When my husband was finally able to be released from rehab and start on an outpatient basis, I was literally terrified of waking up with him having died while I slept. Maybe it didn't make much sense but my husband suffers from sleep apnea and will stop breathing for a long period. It has always woken me up from a sound sleep and I would shake him so he would breath. Now I was waking up because of his apnea and I was already sleep deprived! I truly don't know how I did it.

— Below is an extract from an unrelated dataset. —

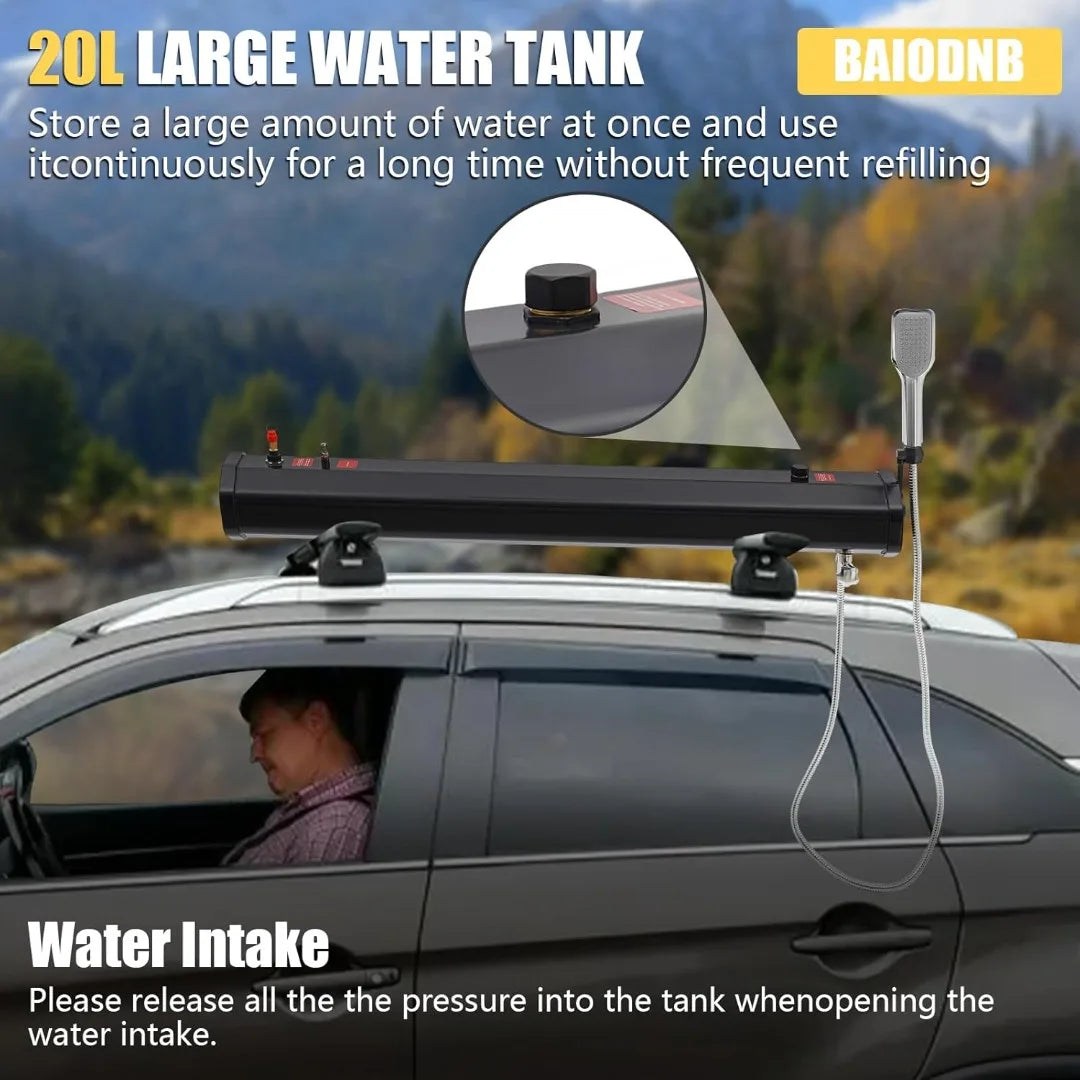 Portable Pressurized Camping Shower - 5L Water Tank with Handheld Showerhead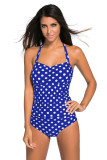 Vintage Inspired 1950s Style Blue Polka Dot Teddy Swimsuit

I think the thing I remember most during that time was how ungrateful he was for anything and everything I did for him. I knew he was frustrated and was totally self-involved in his recovery process but he did NOT have to be so nasty to me most of the time. I talked to his doctor about that part and he told me it was probably the major contributing factor to the divorces that occurred when a patient of his had a stroke. Most caregivers do NOT have my patience or my forgiveness either I guess. I knew he HAD to be self-involved to recover but he had a sense of humor with everyone BUT me. I was very hurt most of the time and felt bad about being hurt. It was very conflicting for me. I had no clue as to how to handle things since he insisted I be with him all the time when he was not at rehab. I was beginning to feel very frayed at the edges and I needed to get away for a bit...even if it was only an hour or two. However, what I found the hardest to do after my son finally had to leave for Diego Garcia was to ask for help. I felt this was MY job. Part of the *in sickness and in health* part of my wedding vows. You know what I mean. How could I ask someone else to take care of this miserable, nasty man who needed help to do almost EVERYTHING? Yet, how could I NOT ask for help or have MY health suffer? That would have been even worse. I had no clue what to do.